Identifying and addressing usage disparities with the New York Public Library

by Zhi Liu

The Background

New Yorkers love our public libraries. The three main public library systems in New York City – the NYPL serving Manhattan, the Bronx, and Staten Island, the Queens Public Library, and the Brooklyn Public Library – together welcome nearly 40 million people (patrons, in library jargon) each year according to official statistics. Urban library systems are not monoliths, but rather a complex distributed system consisting of numerous branches, with each one of them serving a specific neighborhood.

Books in public libraries are an essential public good, and fairness and equity in their allocation is an inherent concern. Are there disparities in the level of usage and the level of access by patrons in different neighborhoods? If so, what is causing these disparities, and how can we address them? Working closely with practitioners at NYPL as a Siegel Family Endowment PiTech PhD Impact Fellow, my goal in the summer of 2023 was to explore these questions.

Image: NYC Public Library at Bryant Park

The Challenge

As we set out to uncover usage disparities, the main challenge we face is that usage itself is a complex function of multiple factors, so how do we audit it objectively?

As an example of such complexity, let’s say book A is checked out fewer times (in terms of count) than book B. Does this mean book A is less desirable than book B? Certainly not, it could also be that the library has fewer copies of book A, and thus the number of checkouts we see of A is discounted compared to what would happen under infinite inventory.

As another example, NYPL offers the option of using ‘holds’ to request books online, and picking them up at a desired location, in addition to the more traditional experience of browsing books at a physical branch. This option greatly benefits patrons who use it, as now they have access to the collection of all the branches, instead of only their nearest branch because NYPL transports the book requested from a branch where it’s available to the pick-up branch, in case it’s not available there. Let’s say more books are checked out via holds at branch X compared to branch Y. Does this mean that patrons living near branch X are more aware of the holds system and use it more frequently? Not necessarily, it could also be that branch X has a much more limited collection of books, and as a result, patrons here have to use the holds system if they want some book outside the collection.

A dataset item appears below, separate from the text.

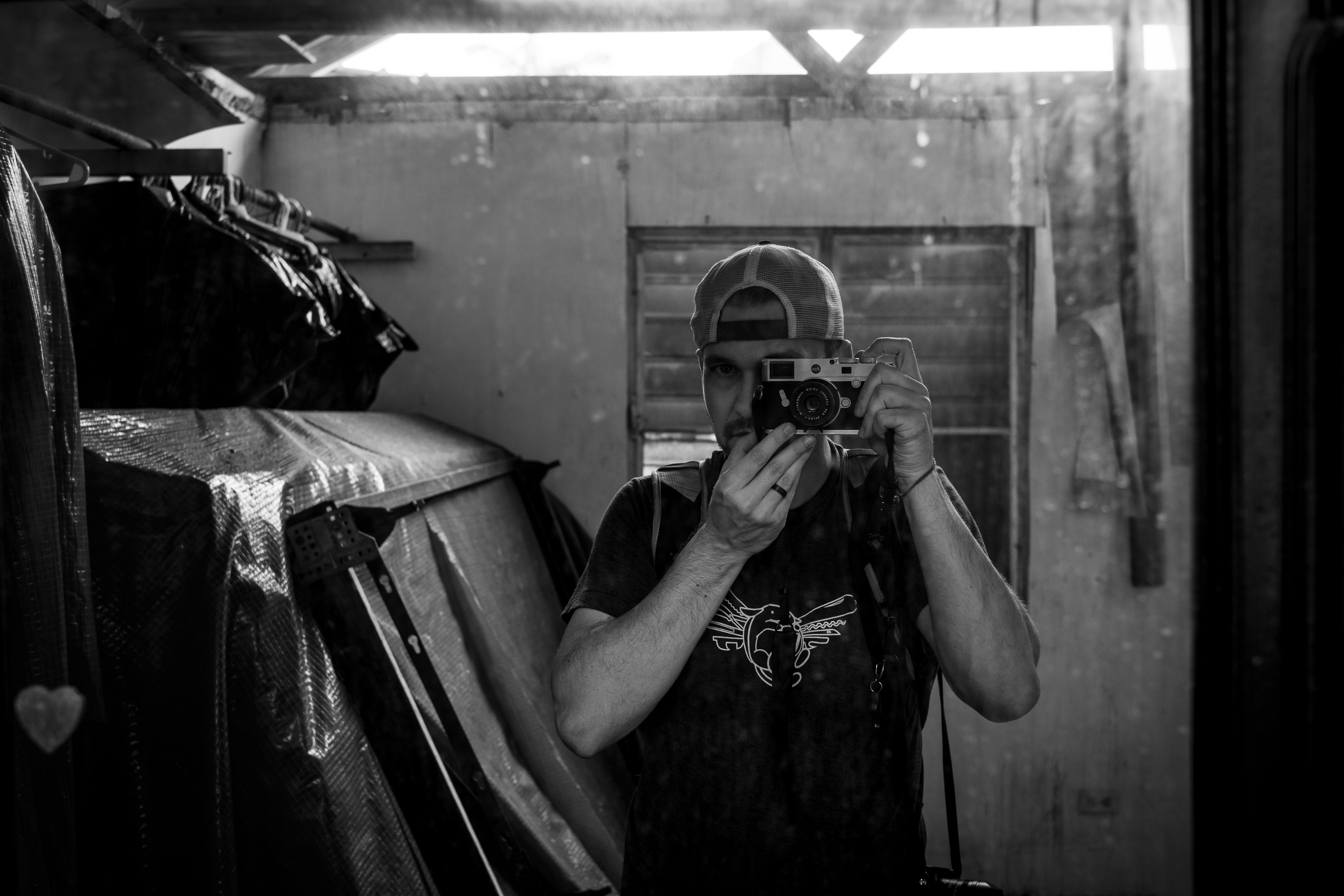 Me photographing myself through a mirror, inside a house, that was destroyed by hurricane Maria, Puerto Rico, October 2018.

To overcome the challenges that the complexity of defining usage brings, we need both finer technical apparatus and expertise from practitioners.

Zhi Liu

The analyses and findings

Together with my supervisor at NYPL, we decided to use a Bayesian latent variable model, that directly estimates the desirability of each book title, the latent demand size at each branch, and the hold usage fraction at each branch, while controlling for book availability. This estimation was only made possible through our access to fine-grained, anonymous data on book checkouts and check-ins across branches and checkout modes, which are meticulously logged by the NYPL. This analysis allowed us to audit usage patterns that are largely free from the complexity described above, and pin-point equity concerns

One main finding of our analyses is that hold usage varies among branches by a lot. On average, a patron in midtown Manhattan is 3 times more likely to use the holds system for a book than a patron in the Southwest Bronx. But why does this matter? Let us take a look at what happens when a hold request is placed.

When a patron places a hold request at branch X, the library takes the book from a branch where it’s available, say branch Y, and transfers it to branch X for checkout. This incurs a book inflow at branch X, and an outflow at branch Y. The above mentioned disparity in hold usage between Manhattan and the Bronx sparks concerns over equity: if patrons in more privileged neighborhoods are systematically using the holds system more to check out more desirable books, does this deprive other patrons the access to a good collection?

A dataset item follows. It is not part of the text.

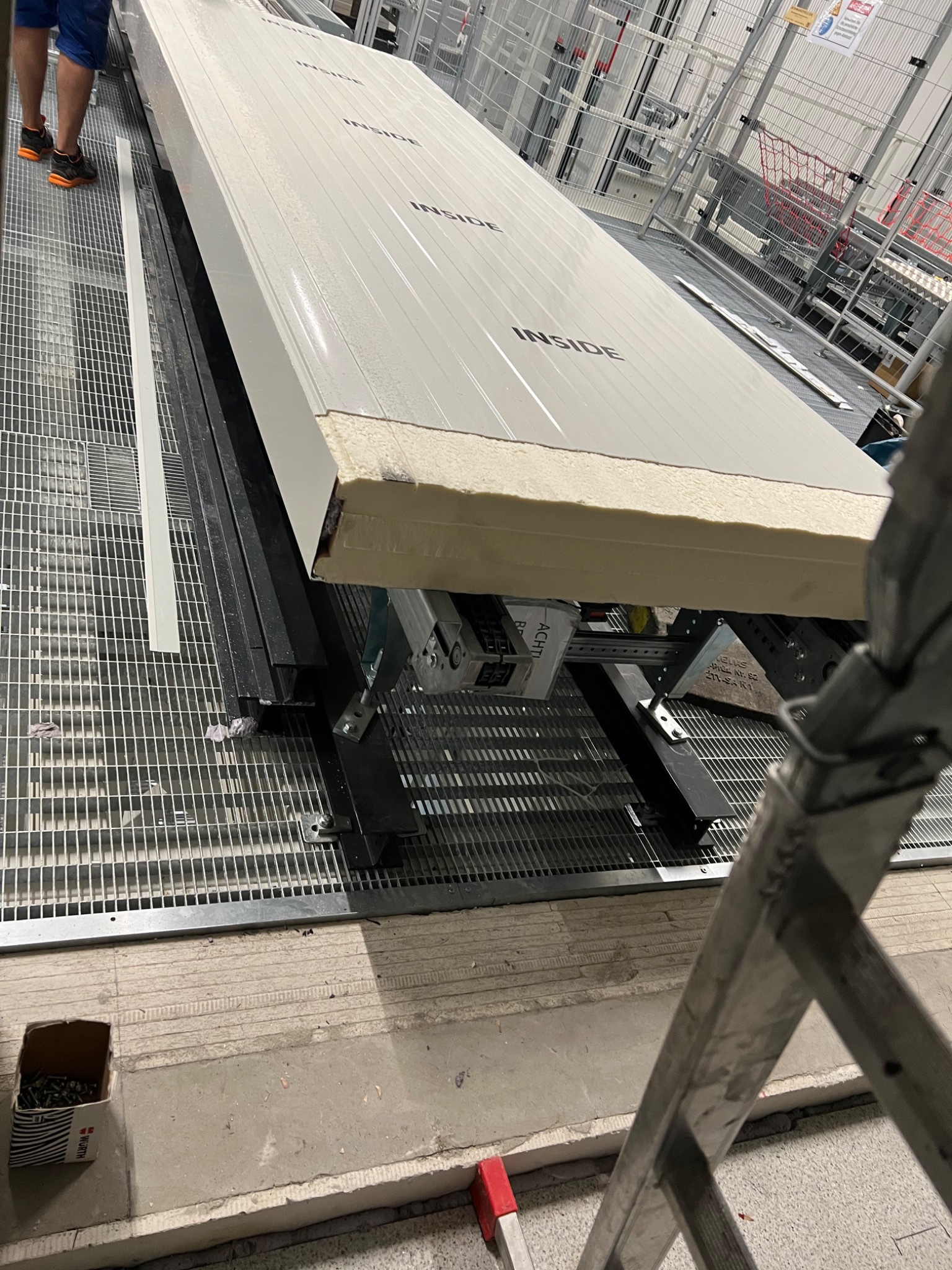 Widok z dołu na przygotowaną płytę warstwową z napisem 'INSIDE' leżącą na metalowej konstrukcji, widoczna warstwa izolacyjna, w tle rusztowania i elementy konstrukcyjne hali, na pierwszym planie...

Based on our parameter estimates and the checkout transactions, different branches had substantial differences in the inflow and outflow of books due to hold usage, with the highest inflow branch pulling an estimated 7.5% equivalent of its collection from other branches, just to fulfill hold requests there. This comes at a cost to patrons in outflow branches, as they are potentially facing a more empty shelf when they walk into the branch.

Make it stand out

Whatever it is, the way you tell your story online can make all the difference.

Left: Historical net book inflow and outflow in branches. Branches where patrons use the holds system more (which are also more likely to be in more affluent neighborhoods) are pulling books from other branches to fulfill hold requests, while some branches are depleting their collections as a result. Right: Net inflow and outflow in branches under our simulated intervention. The inflows and outflows are more balanced across branches.

Impact and Path Forward

How do we address these equity concerns? I am continuing this collaboration with NYPL with my Cornell Tech academic advisor in the Fall of 2023, to explore potential operational strategies that can alleviate these disparities, with careful planning that does not sacrifice the efficiency benefit brought by the holds system.

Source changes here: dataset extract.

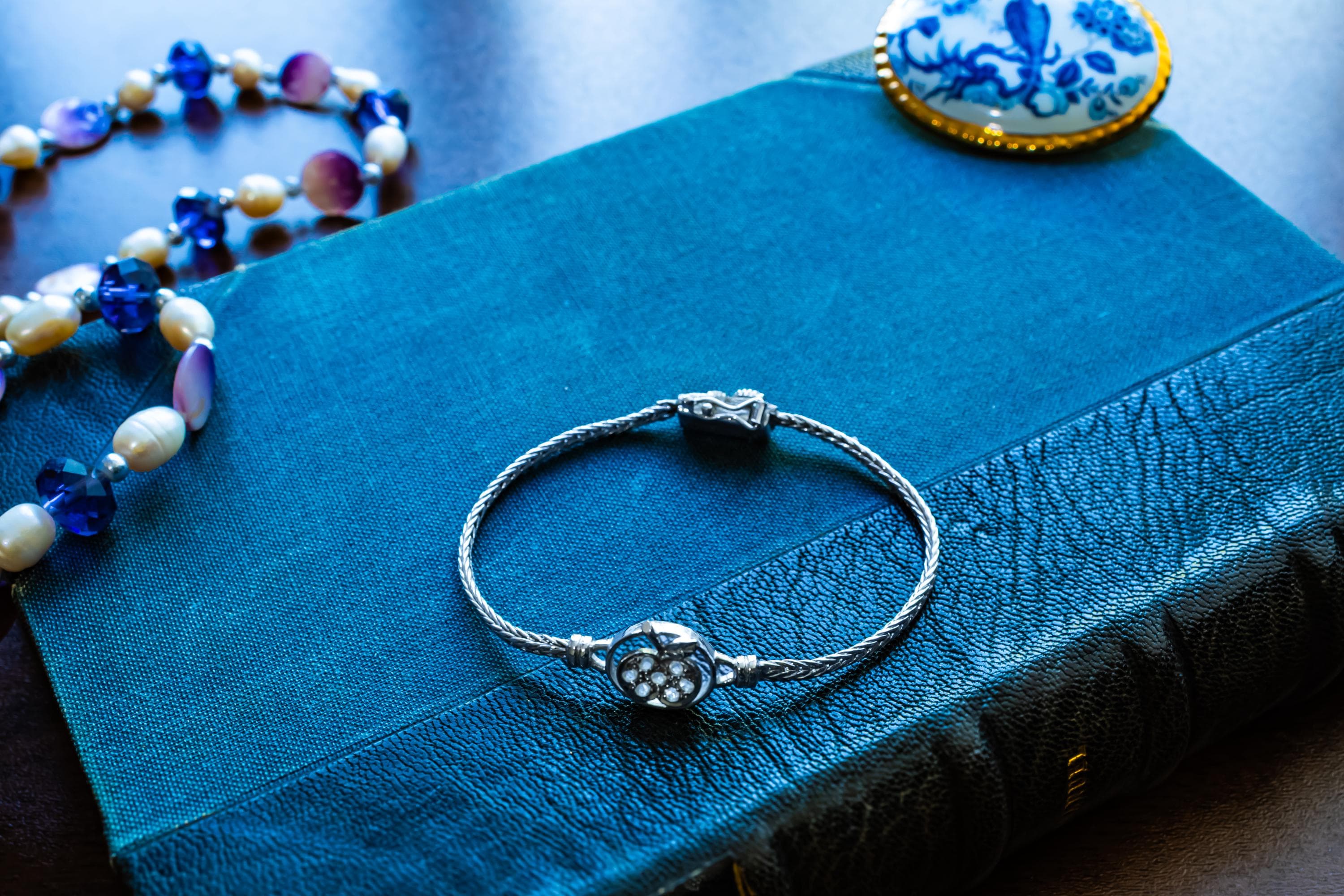 Vintage 800 silver woven bracelet featuring a central apple charm detailed with sparkling pave crystals, displayed on a blue antique text.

For example, to demonstrate one hypothetical strategy, let’s say we keep the observed hold requests unchanged, but alter where the books are being pulled from to fulfill them. Instead of pulling books from a location that the book is available but otherwise largely random, we instead pull from the branch that has the most inflow due to the holds system. In the above right figure, we show the counterfactual book flows under such intervention. This time, almost all branches have balanced inflow and outflow, and the correlation with income is no longer statistically significant.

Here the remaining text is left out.